What this task involves ▸ What you return must match the listing below exactly, minus any pictures.

Data provided ▸
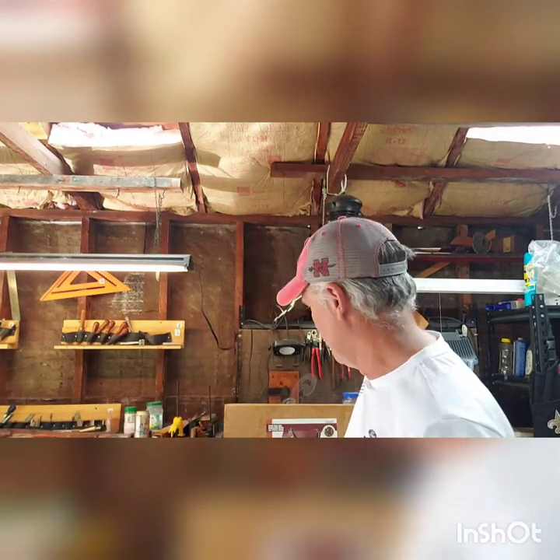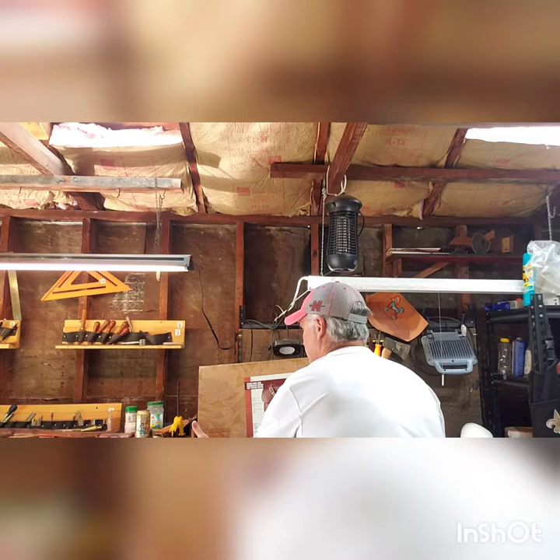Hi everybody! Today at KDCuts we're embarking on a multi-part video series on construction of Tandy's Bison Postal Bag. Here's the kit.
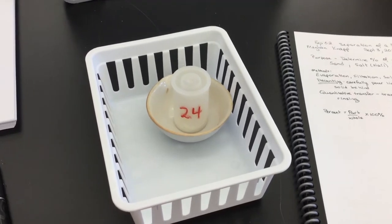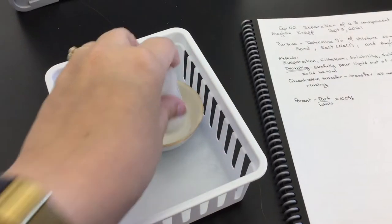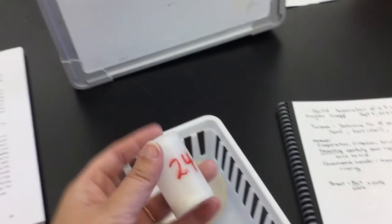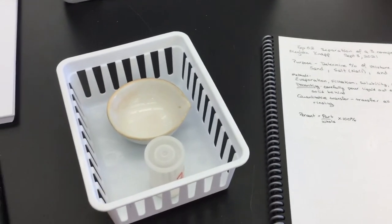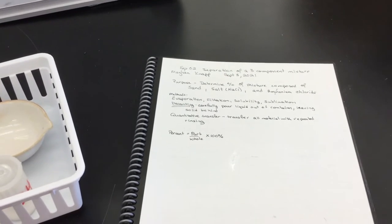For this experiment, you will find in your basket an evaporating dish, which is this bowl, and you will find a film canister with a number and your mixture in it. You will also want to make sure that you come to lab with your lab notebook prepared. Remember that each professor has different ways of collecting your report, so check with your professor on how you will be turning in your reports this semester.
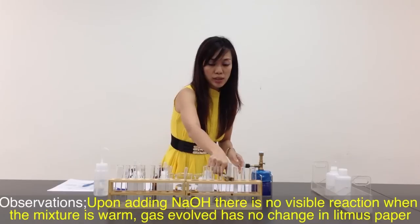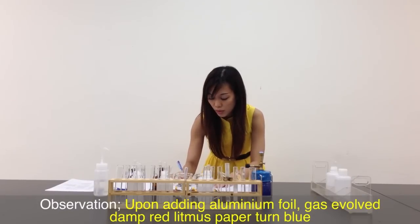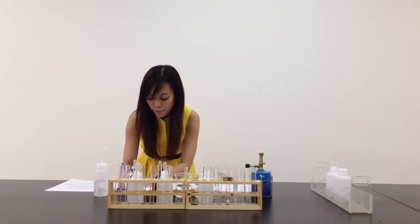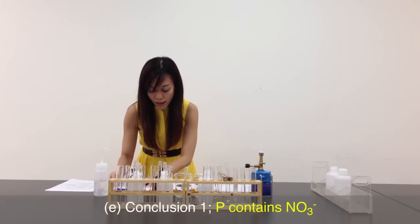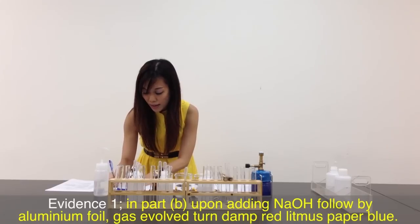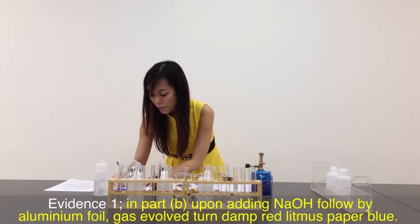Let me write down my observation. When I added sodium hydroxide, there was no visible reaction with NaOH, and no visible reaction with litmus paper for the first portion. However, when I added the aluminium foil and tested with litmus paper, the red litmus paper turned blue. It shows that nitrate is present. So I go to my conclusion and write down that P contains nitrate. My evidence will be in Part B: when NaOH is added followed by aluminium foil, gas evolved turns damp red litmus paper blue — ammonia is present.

Exercise answer ▸
Hi everybody! Today at KDCuts we're embarking on a multi-part video series on construction of Tandy's Bison Postal Bag. Here's the kit.
For this experiment, you will find in your basket an evaporating dish, which is this bowl, and you will find a film canister with a number and your mixture in it. You will also want to make sure that you come to lab with your lab notebook prepared. Remember that each professor has different ways of collecting your report, so check with your professor on how you will be turning in your reports this semester.
Let me write down my observation. When I added sodium hydroxide, there was no visible reaction with NaOH, and no visible reaction with litmus paper for the first portion. However, when I added the aluminium foil and tested with litmus paper, the red litmus paper turned blue. It shows that nitrate is present. So I go to my conclusion and write down that P contains nitrate. My evidence will be in Part B: when NaOH is added followed by aluminium foil, gas evolved turns damp red litmus paper blue — ammonia is present.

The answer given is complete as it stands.